タマ社長の初仕事となった新入社員の採用面接では、応募者のSkype画面に対する反応で採用を決定。画面をじっと見つめる候補者には「集中力がある」、マウスカーソルの動きに目が離せない候補者には「細部への注意力が高い」という独自の評価基準を確立。人事部の田中部長は「猫の第六感による採用は、従来の形式的な面接よりも本質を見抜けている」と太鼓判を押す。
社内の反応も上々だ。「会議中に突然、タマ社長が毛づくろいを始めると、全員の緊張が解ける」(営業部・山田主任)、「社長が『ニャー』と一言いうだけで、どんな意見も通る」(企画部・鈴木課長)など、ポジティブな声が続出。特に注目すべきは、社員の9割が「上司の態度が柔らかくなった」と報告している点だ。

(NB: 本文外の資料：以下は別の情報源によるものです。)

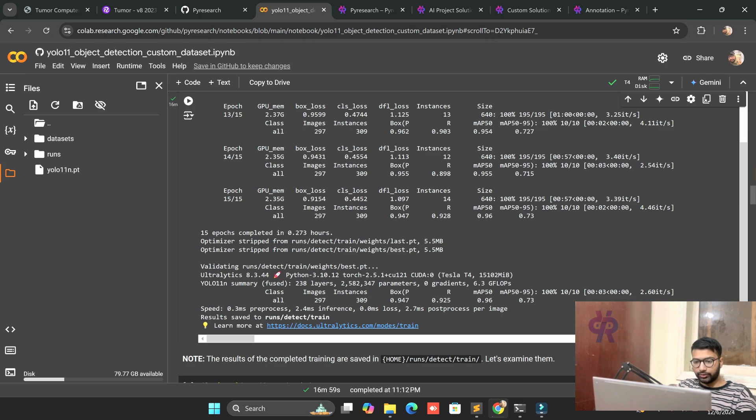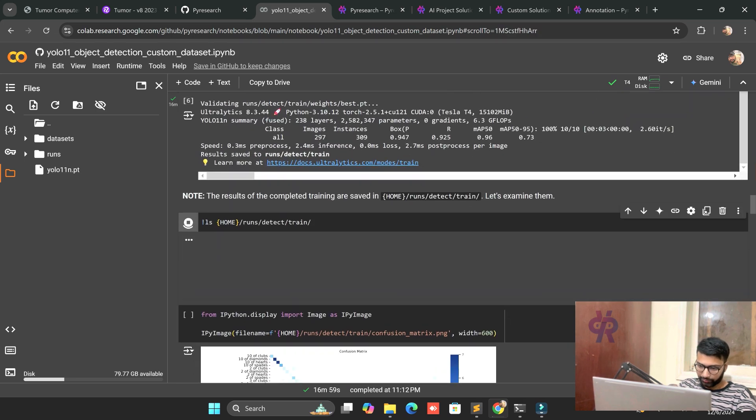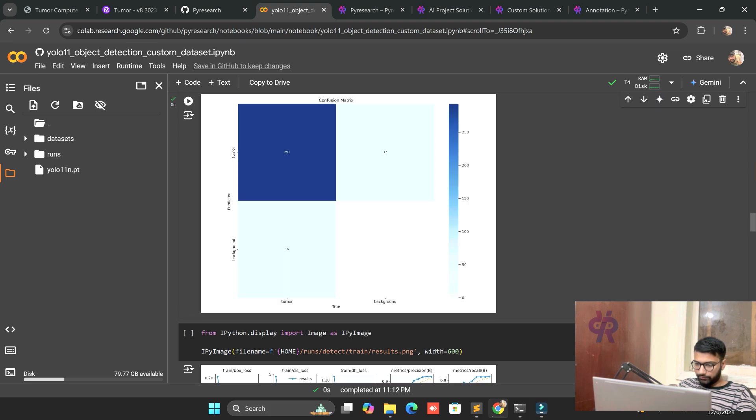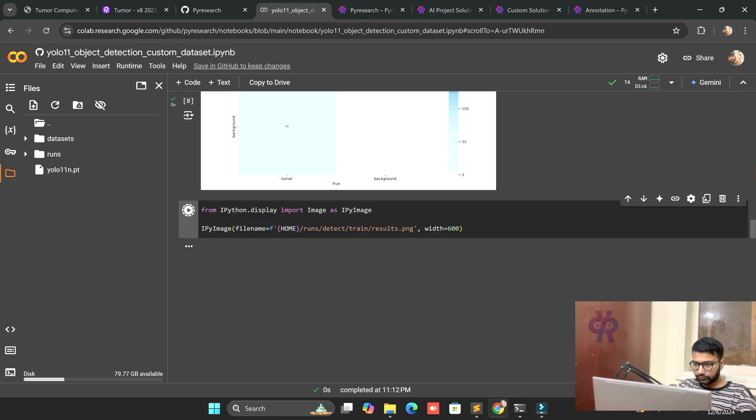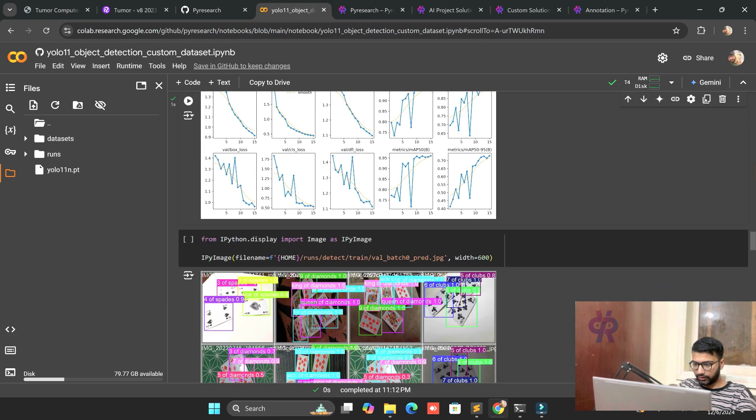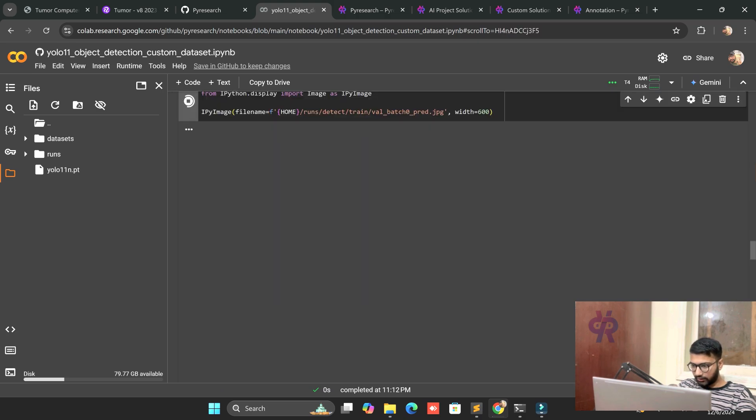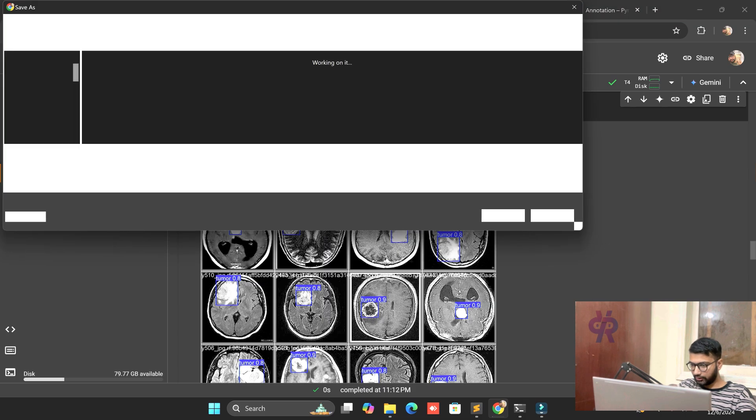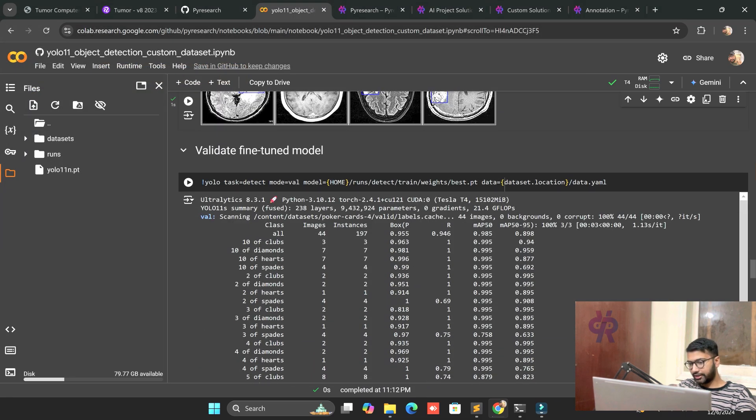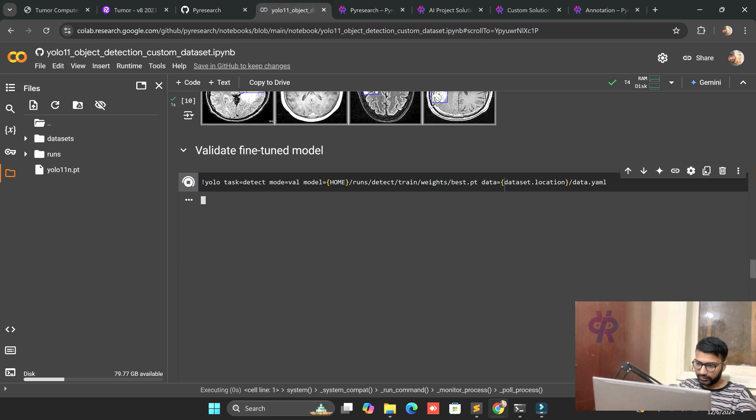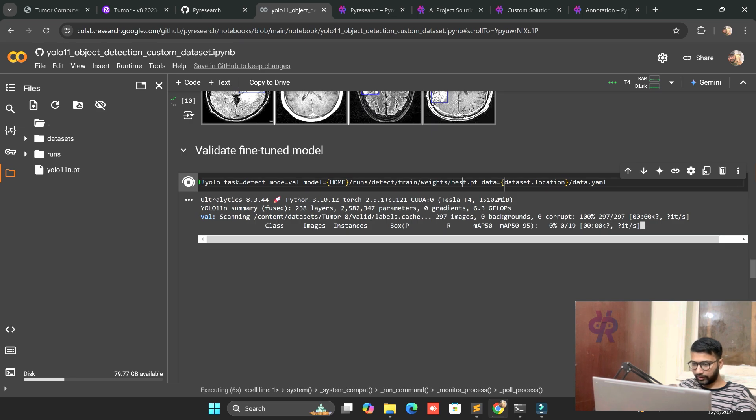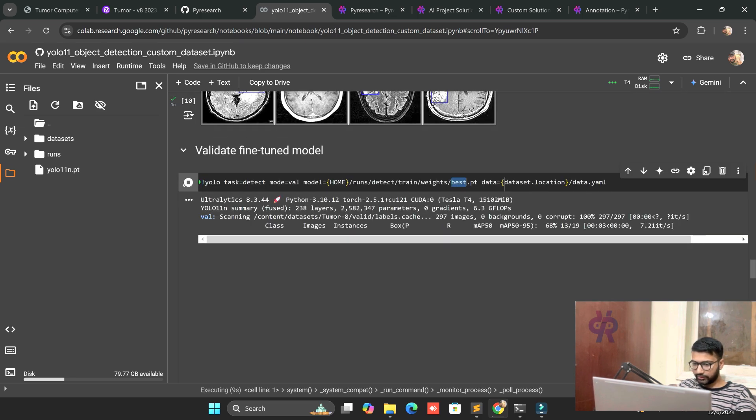You can see now we completed our epochs, 0.273 hours. Let's start calling the directories and folders. You can see the confusion matrix - obviously, we are detecting the tumor, only tumor. Now we call our results. Here you can see the batches of the tumor working very well. I have already fine-tuned this model. Validation part is very necessary.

一方で課題も。「タマ社長が昼寝モードに入ると、全社員が3時間待機を強いられる」「重要な決裁書類が爪とぎにされる」といった声も。また、猫用おやつメーカーへの投資が急増し、株主から疑問の声も上がっているという。
東京猫行動学研究所の三毛教授は「猫のリーダーシップは、人間社会に新たなパラダイムをもたらす可能性がある」と分析。実際、米国のIT企業でも猫CEOの導入を検討する動きが出始めているという。ただし、筆者としては猫アレルギーの身、取材のたびにくしゃみと奮闘。マスクを三重にして臨んだSkype取材でも、画面越しにアレルギー反応が出るという謎現象に悩まされた。
サイバーキャット社では今後、犬や小動物の役員登用も視野に入れているという。ただし「イヌ取締役」の導入については、タマ社長が激しく否定的な態度を示しているとの情報も。新しい企業統治の形として、世界が注目する一方、種の壁を超えた人事政策の行方は、依然として不透明だ。